──────── Exercise data

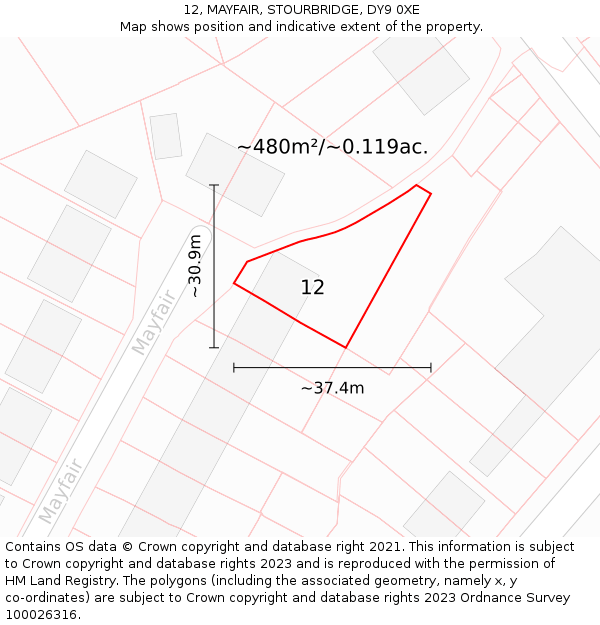 12, MAYFAIR, STOURBRIDGE, DY9 0XE: Plot and title map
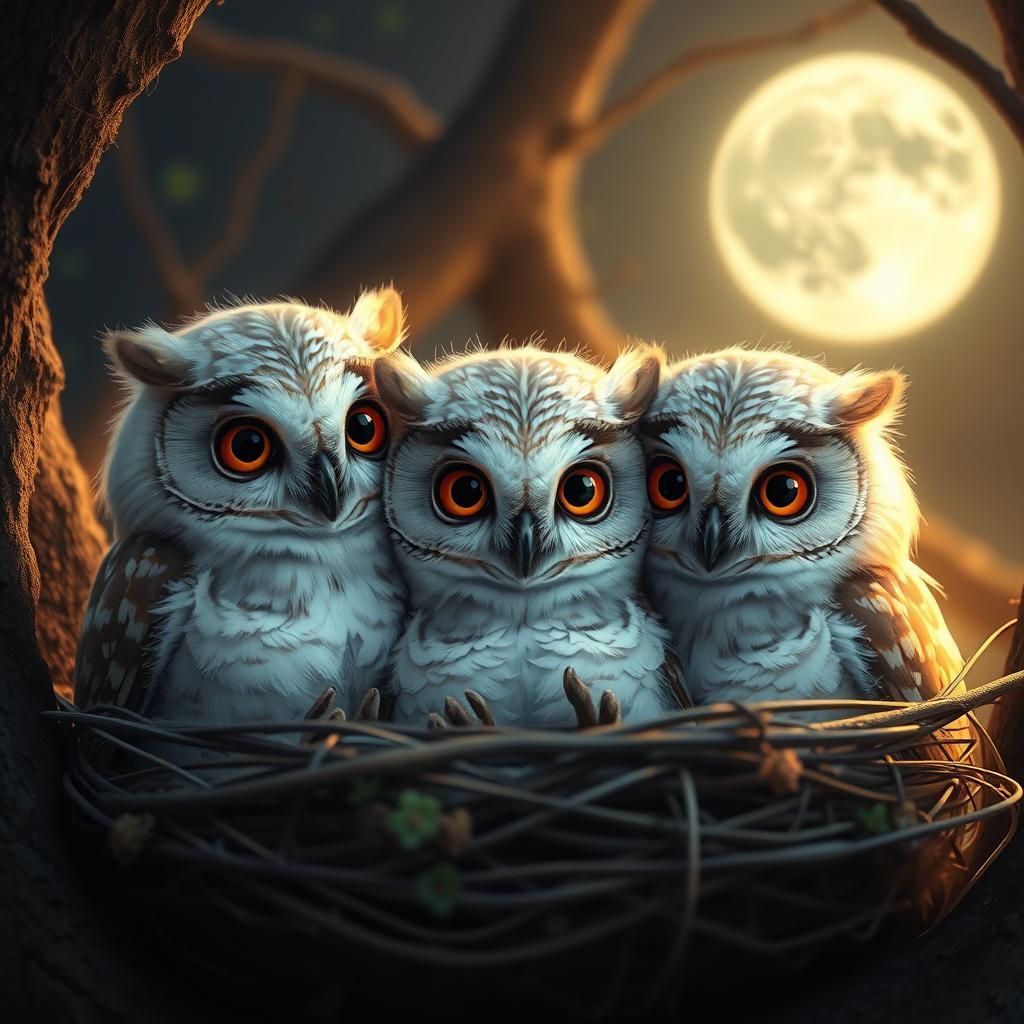 Cozy Baby Owls in Moonlight: Fantasy Concept Art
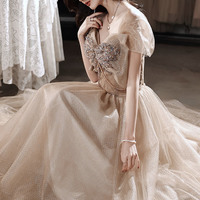 Cute tulle sequins long prom dress A line evening dress - Thumbnail 6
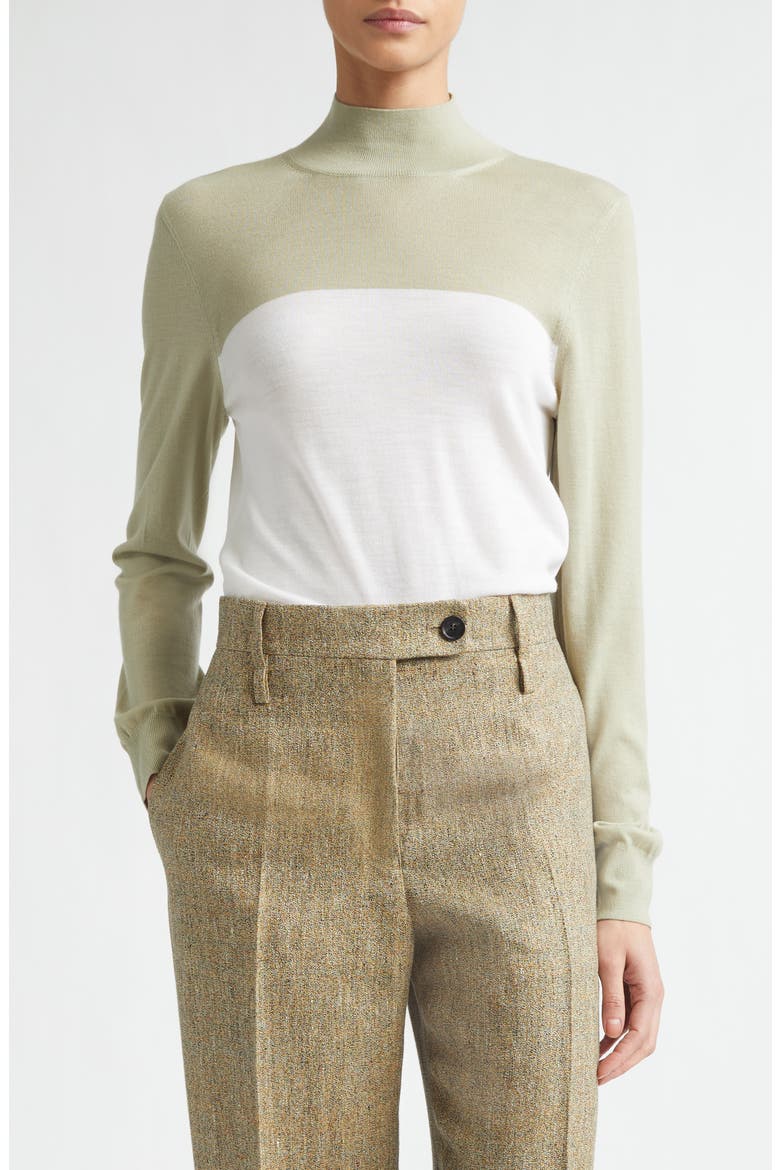 Two-Tone Wool Turtleneck Sweater, Main, color, WHITE/ SAGE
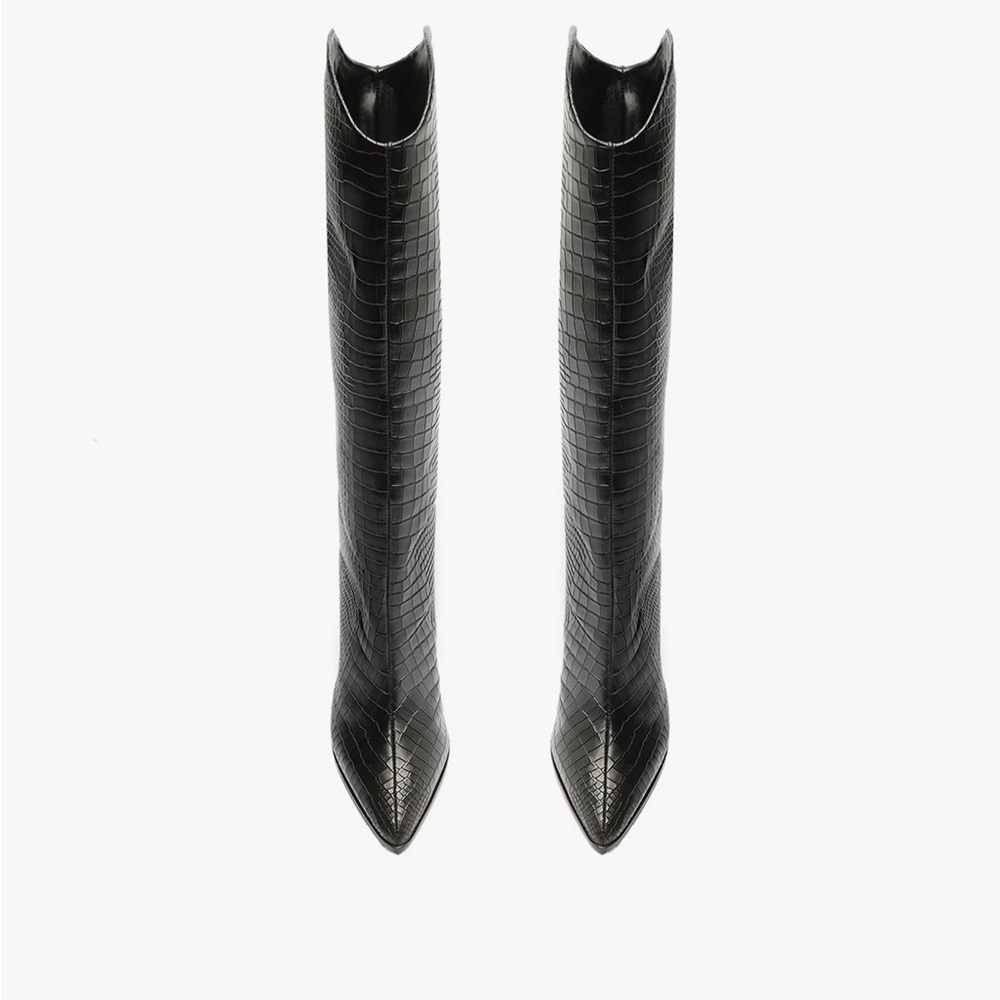 SCHUTZ Black Croc-Patterned Heeled Boots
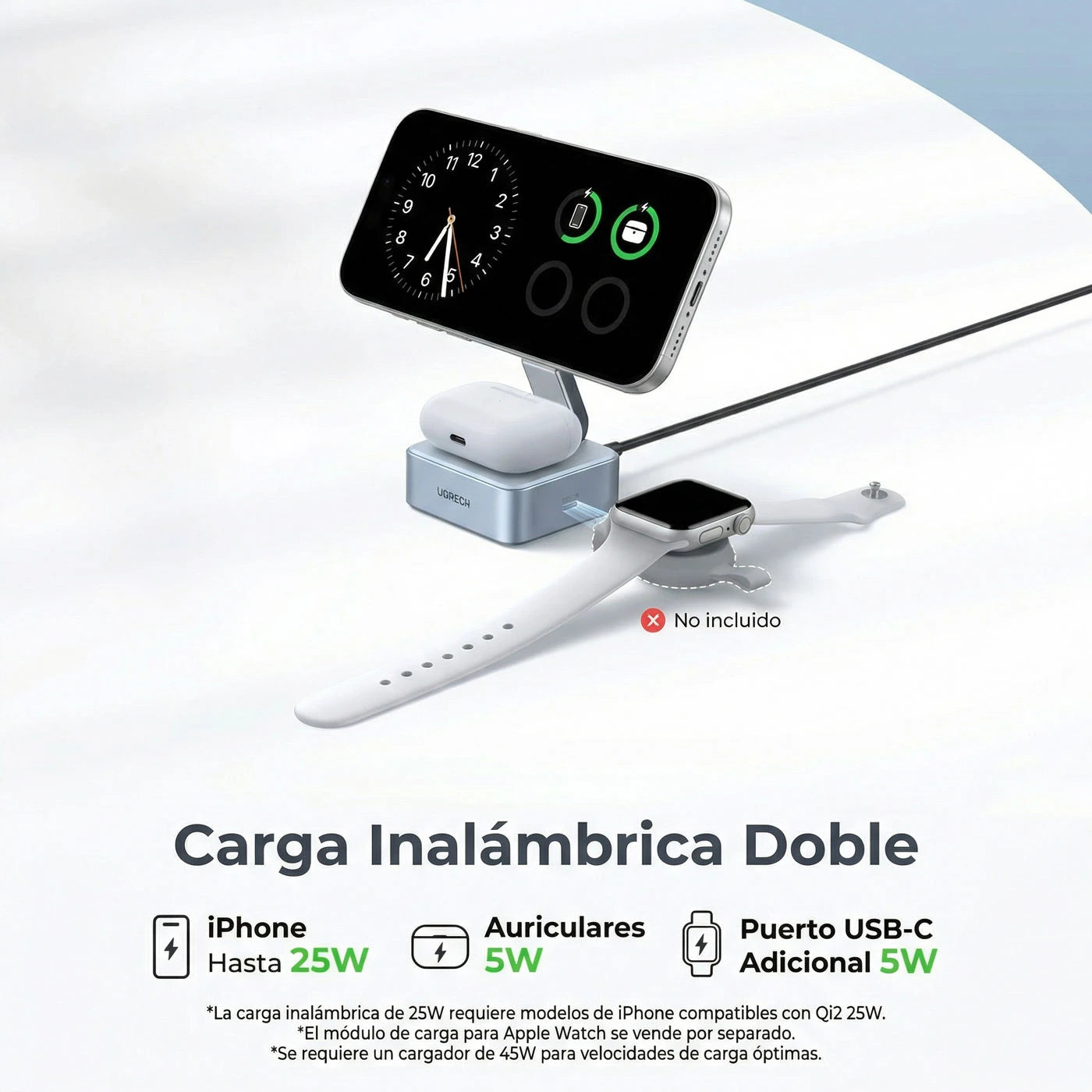 CARGADOR INALÁMBRICO UGREEN MAGFLOW 2 EN 1 25W MAGSAFE 55960B - 4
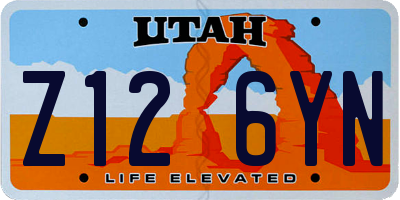 UT license plate Z126YN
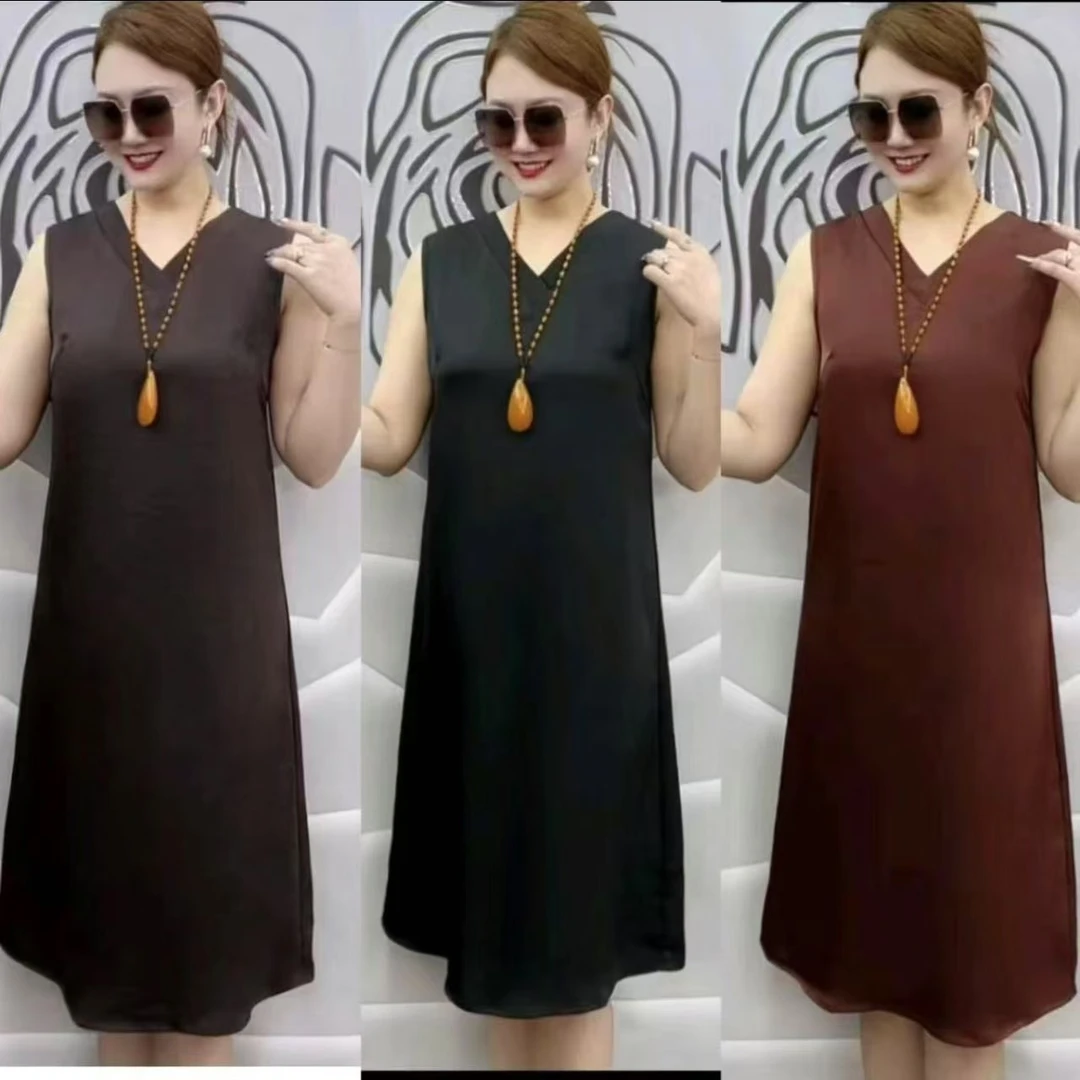 2025新款妈妈夏装洋气吊带裙中长款中老年女装宽松打底裙子连衣裙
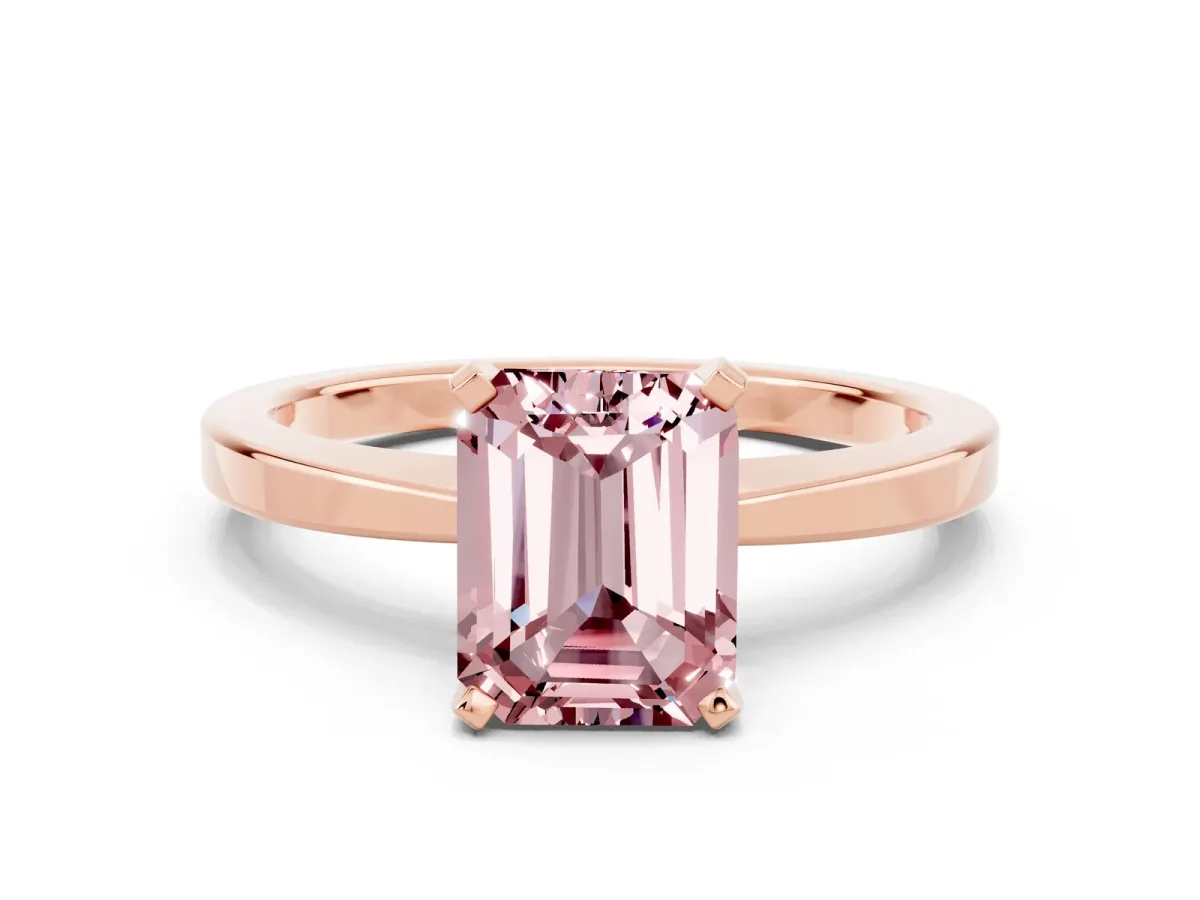 Emerald Cut Morganite Solitaire Engagement Ring with Classic Band and Four-Prong Setting Rose gold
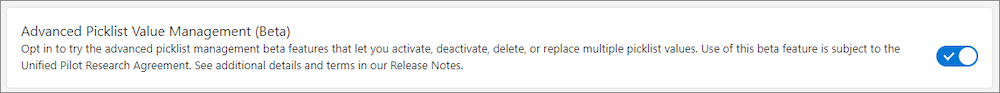 Image of a button that allows you to opt in for Advanced Picklist Value Management. 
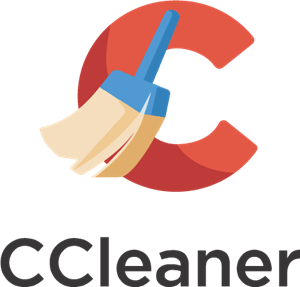 The image typically features the software's name, "CCleaner," in Red, uppercase letters with white background.To the left of the text, there is usually a distinctive icon that represents the software. This icon is composed of a Red, stylized letter "C" enclosed within a white background square. The "C" in the icon stands for "Cleaner," emphasizing the software's cleaning function.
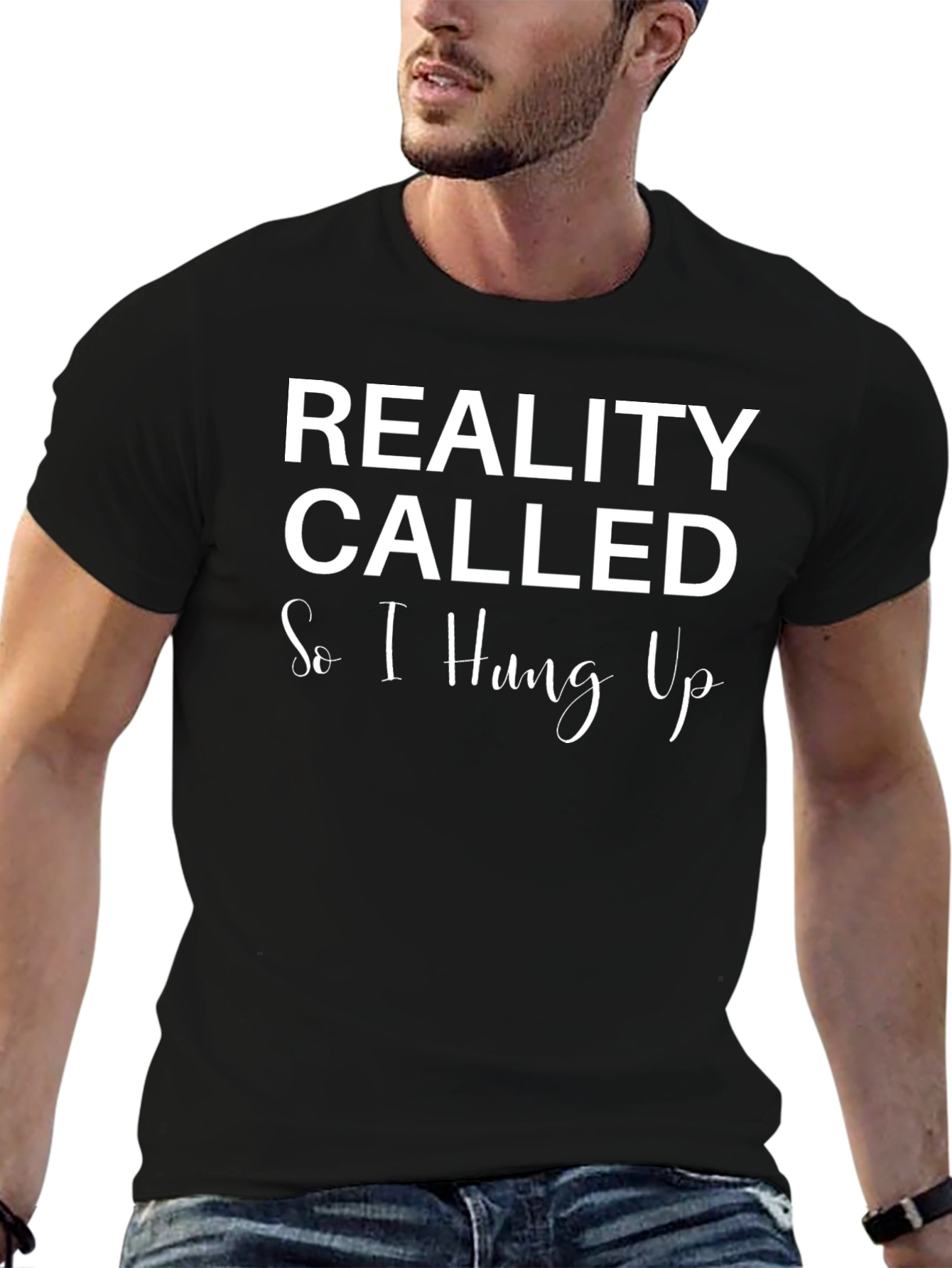 Black Reality Called Funny Slogan Graphic Tee view 6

────────────────

In the data above, the stretch from the line with "UT license plate Z126YN" through the line with "The image typically" is to be returned exactly, minus any pictures.

- **Answer for the task**:
 UT license plate Z126YN
 2025新款妈妈夏装洋气吊带裙中长款中老年女装宽松打底裙子连衣裙
 Emerald Cut Morganite Solitaire Engagement Ring with Classic Band and Four-Prong Setting Rose gold
 Image of a button that allows you to opt in for Advanced Picklist Value Management. 
 The image typically features the software's name, "CCleaner," in Red, uppercase letters with white background.To the left of the text, there is usually a distinctive icon that represents the software. This icon is composed of a Red, stylized letter "C" enclosed within a white background square. The "C" in the icon stands for "Cleaner," emphasizing the software's cleaning function.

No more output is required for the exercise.